Many people in Missouri and across the country love their pets like their own children. As such, what happens to them following a divorce is an important consideration. In addition to who the pet lives with, who pays for the pet's bills is also an important question as the spending on pets has nearly doubled over the course of the last 10 years. Though courts have previously viewed animals as property, laws and attitudes are starting to shift.
In 1995, a judge in another state set the precedent regarding the treatment of animals during divorce. In a ruling, he claimed that pets are property, and, as such, judges do not have the authority to create a custody arrangement and visitation schedule. However, in the last two years, three states have enacted laws giving judges more leeway to consider the best interests of an animal.

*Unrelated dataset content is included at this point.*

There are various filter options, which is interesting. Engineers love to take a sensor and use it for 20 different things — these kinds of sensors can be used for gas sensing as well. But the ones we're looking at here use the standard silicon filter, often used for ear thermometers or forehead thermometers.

When a custody and visitation plan is created for a pet as part of divorce proceedings, there are many factors that must be addressed beyond who has the pet. For example, most couples address who will be responsible for paying for routine and emergency medical care or who will provide care for the animal if the person with which the pet is scheduled to be is out of town? While pet owners are often as passionate about their pets as they are about their children, there are some options to help settle many of these questions without conflict.

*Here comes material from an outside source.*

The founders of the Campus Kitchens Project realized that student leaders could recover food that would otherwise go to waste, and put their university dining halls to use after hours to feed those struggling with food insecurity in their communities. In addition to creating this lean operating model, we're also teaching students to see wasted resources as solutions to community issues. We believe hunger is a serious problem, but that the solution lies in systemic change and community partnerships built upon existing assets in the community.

Prior to the wedding, a couple can create a prenuptial agreement which can, among many other things, determine pet custody and bill division in the event of a divorce. Some people in Missouri also choose to go the mediation route, which is often a less continuous process that happens between the couple and a neutral third-party. For all of these options, an attorney with experience with family law can help pet owners ensure that the needs of their pets are met even when owners are no longer in a romantic relationship.